It was Will’s idea to meet at Tom’s, in what was a straightforward calculation. Both his and TC’s apartments had been monitored; here, they had at least a chance to meet undetected.

Besides, TC had a plan – just a hunch, she said – that required major computing brainpower. Now she was standing over Tom’s shoulder as he stabbed at the keyboard.

‘So you’re certain of the domain name?’ he was saying.

‘All I can tell you is what it says on the card I took. Rabbi.Freilich@Moshiachlives.com.’

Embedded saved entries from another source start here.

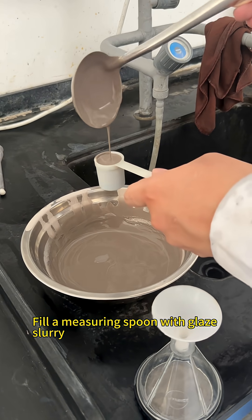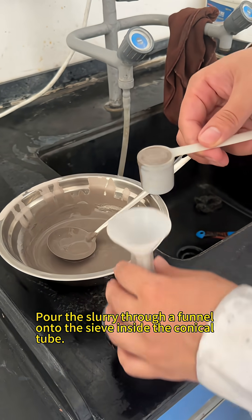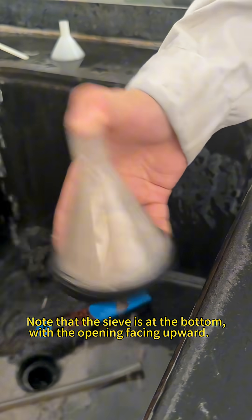Fill a measuring spoon with glazed slurry. Pour the slurry through a funnel onto the sieve inside the conical tube. Note that the sieve is at the bottom with the opening facing upward.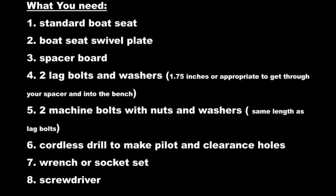So let's take a look at what you need: your standard boat seat, boat seat swivel plate, your spacer board — we used 1 inch, you can use a larger. Two lag bolts and washers; 1.75 inches is what we used for the length, though you might need one that's longer if you're going to use a bigger spacer. Two machine bolts with nuts and washers — they have to match your lag bolts in size. A cordless drill to make your pilot and clearance holes, a wrench or socket set, and a screwdriver.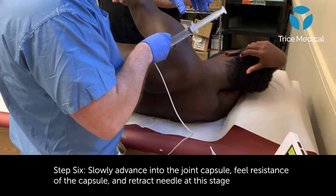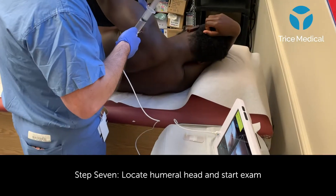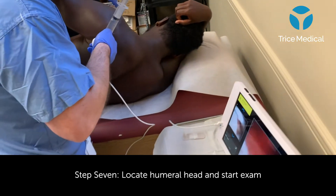Once I've accessed the local area, I will use sterile saline for injection. A thorough evaluation is undertaken and the site of pathology is localized.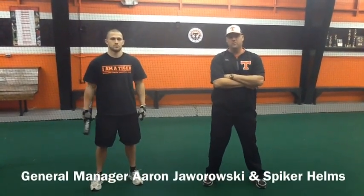Hi, I'm Aaron Javarowski. I'm the general manager of the Rawlings Tigers. Welcome to Tiger TV. Here today with Spiker Hounds, going to do some directional hitting and show you guys a drill to teach that concept.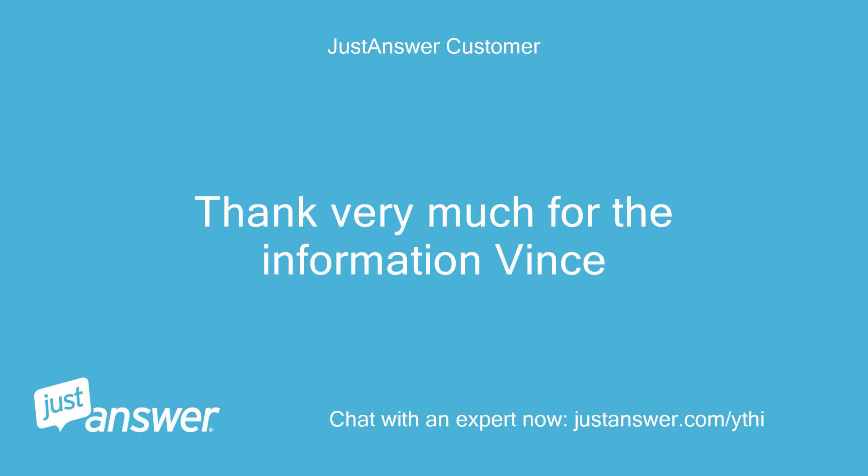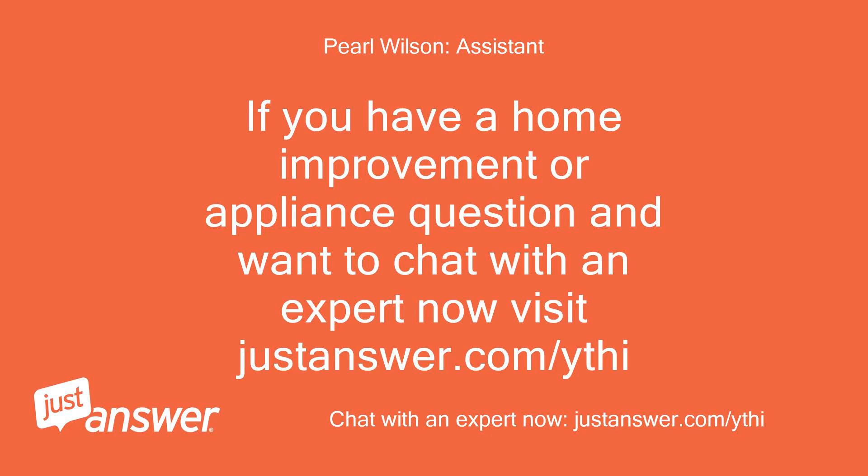Thank you very much for the information, Vince. If you have a home improvement or appliance question and want to chat with an expert now, visit justanswer.com/ythi.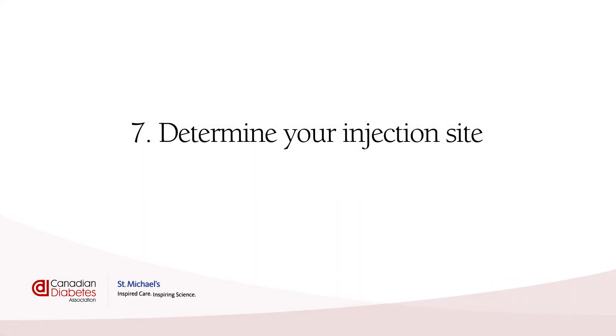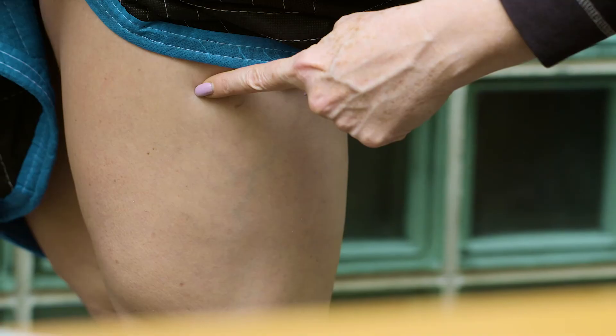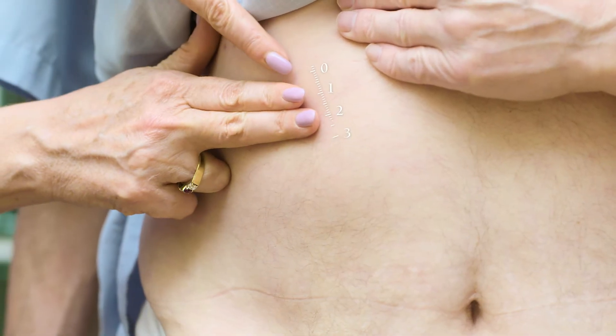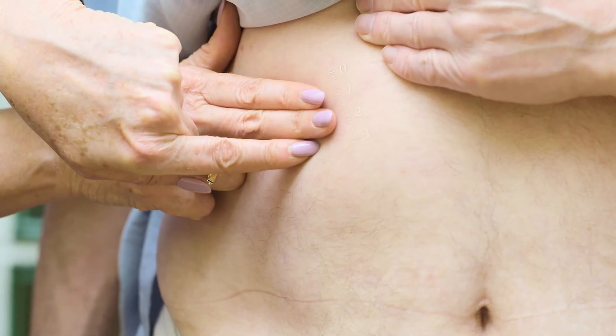Determine your injection site. There are a few options for where to inject: your belly (but not your belly button), the outside of your legs, the back of your arms, and the top of your bum. See what works best for you, but you'll probably find that it's hard to inject yourself properly in hard-to-reach spots like your arms or bum. It's not a good idea to use the same spot over and over because you might get lumps and bumps under your skin. Switch the spots you inject in, at least two to three centimeters away from your last injection — about the width of two fingers.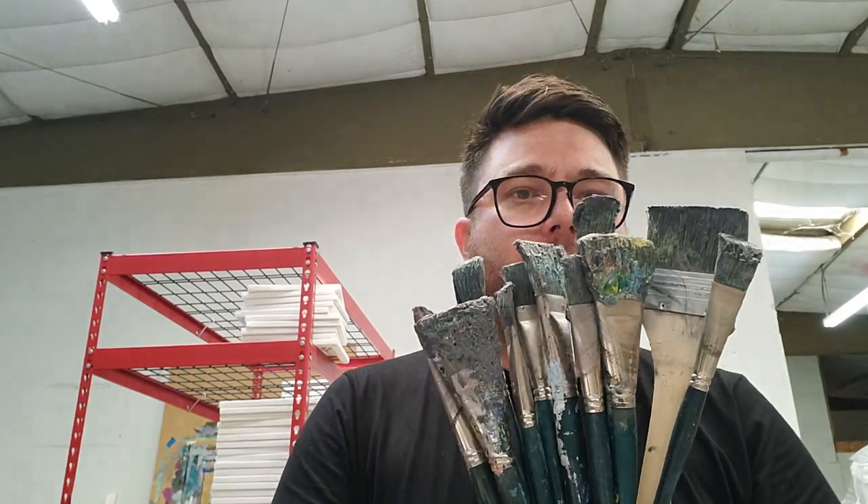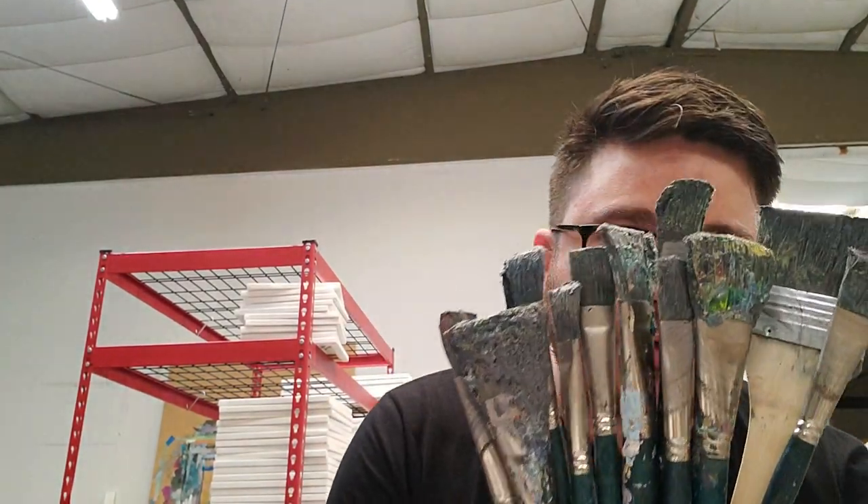How's it going everybody? My name is Jose Trujillo and I want to share with you one of my little secrets — it's not like a big secret, but it's a good secret. So you're an artist, you paint in oil, and you probably have this problem like most other artists do: you paint in oil and your brushes dry out. You can't keep using them anymore — for whatever reason you let them dry.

‘OK, OK, that’s what I’ll try. Spell Mosh—, you know, for me again?’

‘For the third time: M-O-S-H-I-A-C-H.’

Will glanced back out of the window. As much as Tom loved Beth, he could not stand TC. At Columbia Will had always put it down to jealousy, the difficulties of being a three. Now he reckoned it was more like organic combustion: Tom and TC were phosphorus and sulphur. They could not meet without sparking up.

In a novel form of coping strategy, Tom chose not to talk to TC at all. He talked to himself instead.

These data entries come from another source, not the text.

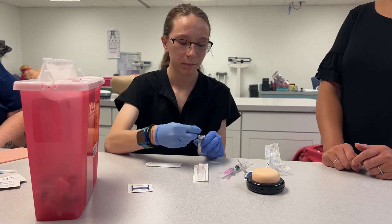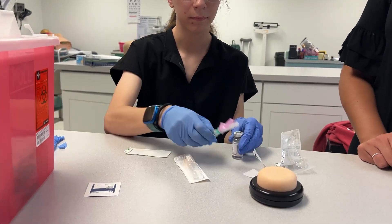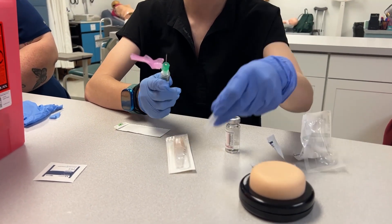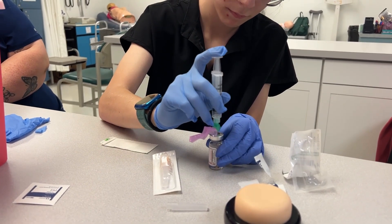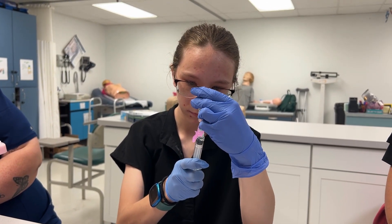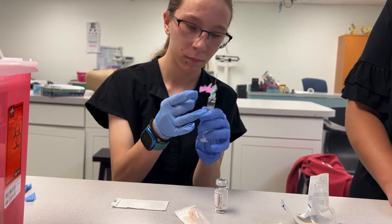Typically when you draw medication up like this, we don't want to use the same needle to give to the patient, because we can blunt the tip of the needle and it won't be as sharp. So we want to switch needles. Go ahead and draw your medicine up. Go ahead and try to get your bubbles out of there.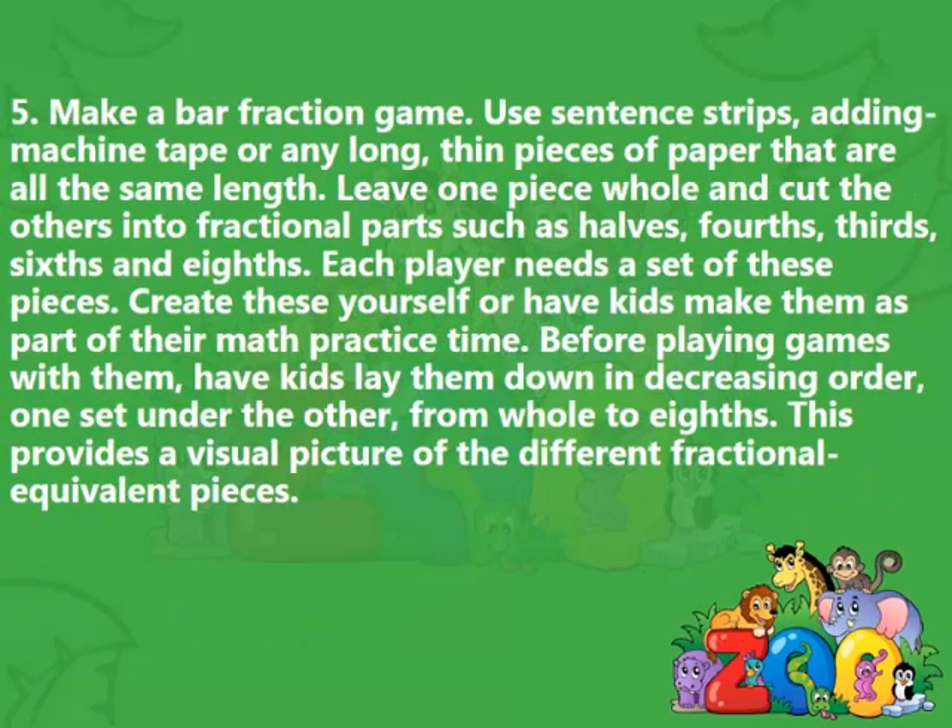5. Make a bar-fraction game. Use sentence strips, adding machine tape, or any long, thin pieces of paper that are all the same length. Leave one piece whole and cut the others into fractional parts such as halves, fourths, thirds, sixths, and eighths. Each player needs a set of these pieces. Create these yourself or have kids make them as part of their math practice time. Before playing games with them, have kids lay them down in decreasing order, one set under the other, from whole to eighths. This provides a visual picture of the different fractional equivalent pieces.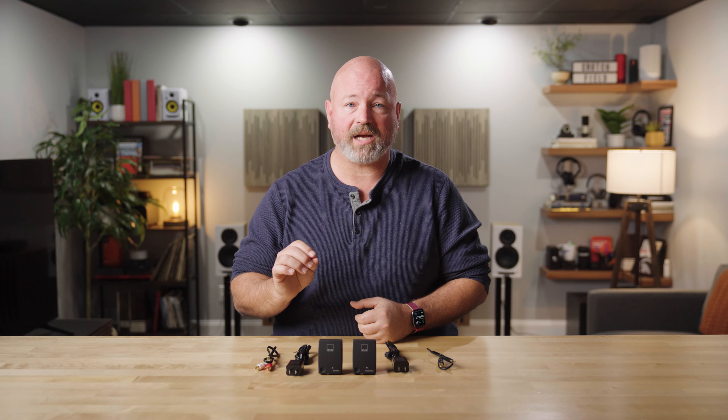If you have any questions about that, get in touch with us here at Crutchfield. Go to crutchfield.com/contact where you can talk live with our advisors, either over the phone or chat with them online. You can also post your questions here on YouTube — we do look at those comments and we will respond accordingly.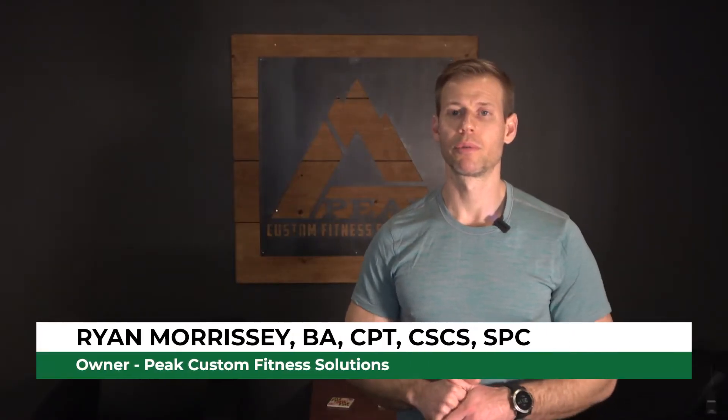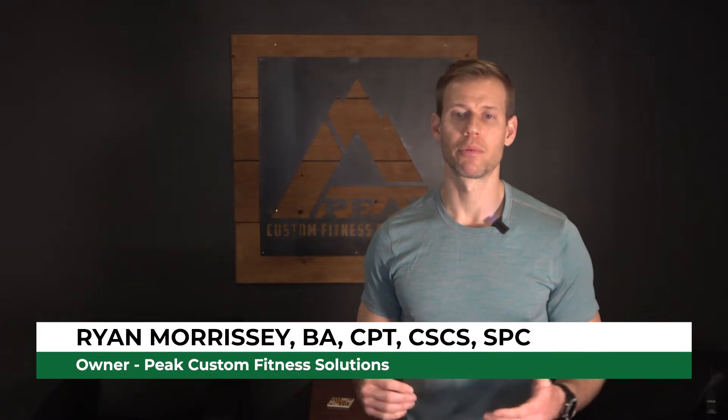What's going on guys, I'm Ryan Morrissey with P Custom Fitness Solutions and today we're going to talk about cardio. I'm going to give you three tips that you can apply to your cardio programming as soon as tomorrow.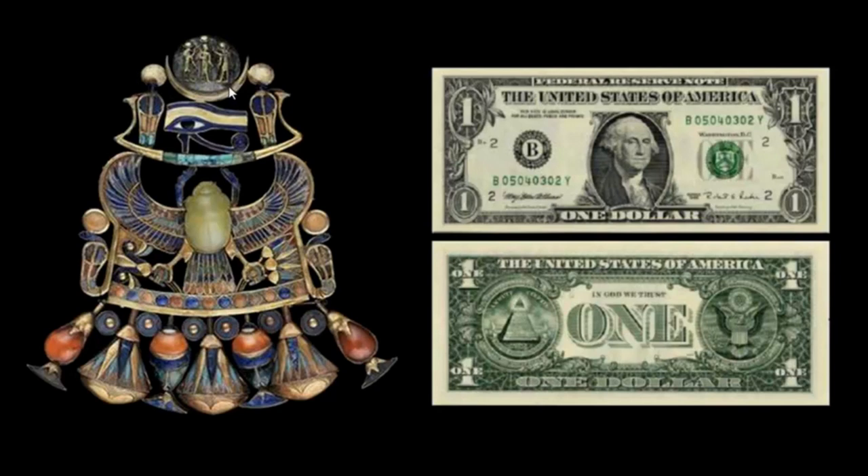At the top, the king is set in a dark disc with two figures on his left and right. On the dollar bill, we have a president also set in a dark disc, with the Treasurer of the United States on the left and the Secretary of the Treasury on the right. Coincidence or something more?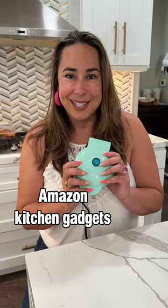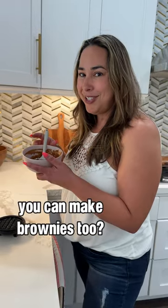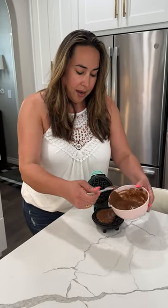Here's one of my favorite Amazon kitchen gadgets. We all know that you can make waffles in a mini waffle maker, but did you know you can make brownies too? I just grabbed some brownie mix, added a little egg and some water, and here we go.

‘OK, so what we need to do is run a host domain name.’ He punched those last three words into the ‘shell’, a kind of empty window on the screen he had created. A few seconds later, a string of numbers appeared: 192.0.2.233.

‘All right, who is 192.0.2.233?’ He said the words as he typed them.

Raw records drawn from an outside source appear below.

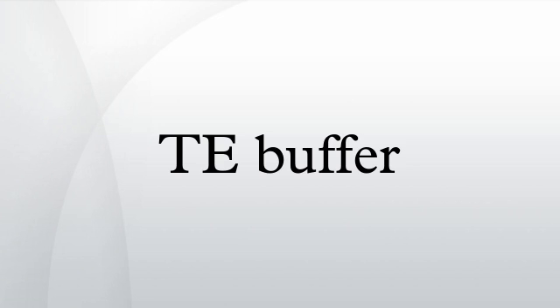See also: LB buffer; lithium borate buffer, a similar buffer containing lithium ions in place of TRIS; TAE buffer and TBE buffer, which are often used in procedures involving nucleic acids, the most common being electrophoresis. pH 7.0 TE buffer equals 100 mM/L TRIS at pH 7.0 plus 10 mM/L EDTA, pH 8.0, from Molecular Cloning: A Laboratory Manual.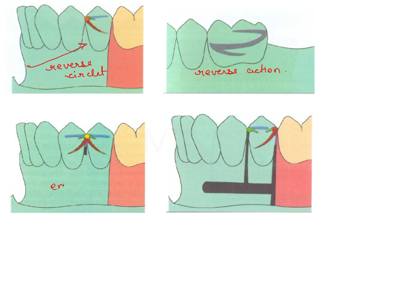The third clasp shown is an embrasure clasp, and the fourth is a half and half clasp. Reverse circlet is important for distal extension partial dentures. The reverse action clasp, also known as fish hook and hair pin, is also a type of simple circlet clasp.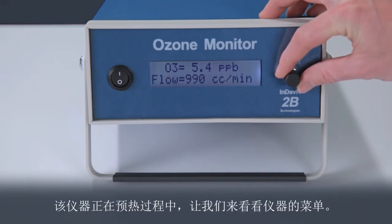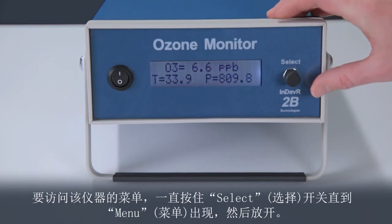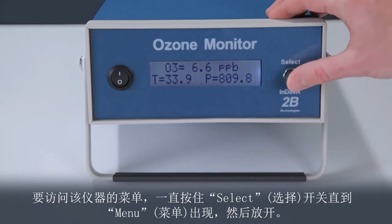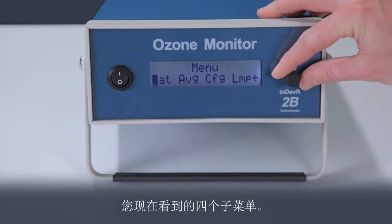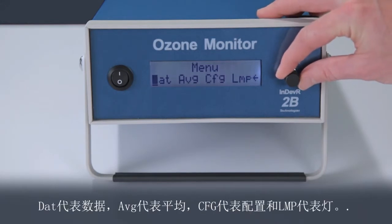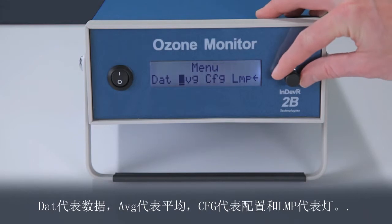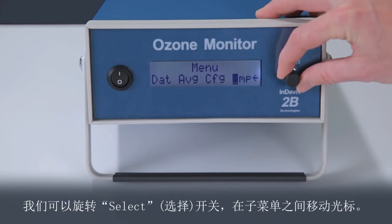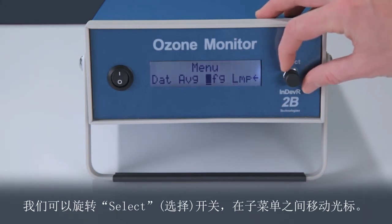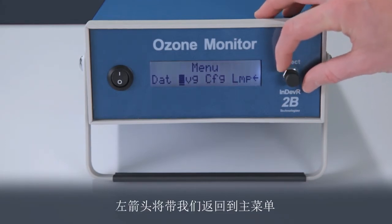While the instrument is warming up, let's explore the menu. To access the menu, hold the select switch until the word menu appears and release. You now see four submenus: DAT stands for data, AVG is for average, CFG is configure, and LMP is for the lamp. We can rotate the select switch to move the cursor between submenus. The left arrow will return us to the main menu.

Back came an answer. Among a whole lot of blurb about ‘registrants’ and ‘administrative contacts’ was the address of the Hassidim’s headquarters in Crown Heights. The very building Will and TC had been in last night.

‘Good, now let’s talk to Arin.’

‘Arin? Who the hell is Arin?’

‘ARIN is the American Registry for Internet Numbers, the organization which allocates IP addresses – you know, the string of numbers we had before.’

‘But I thought you already had that for this, you know, domain.’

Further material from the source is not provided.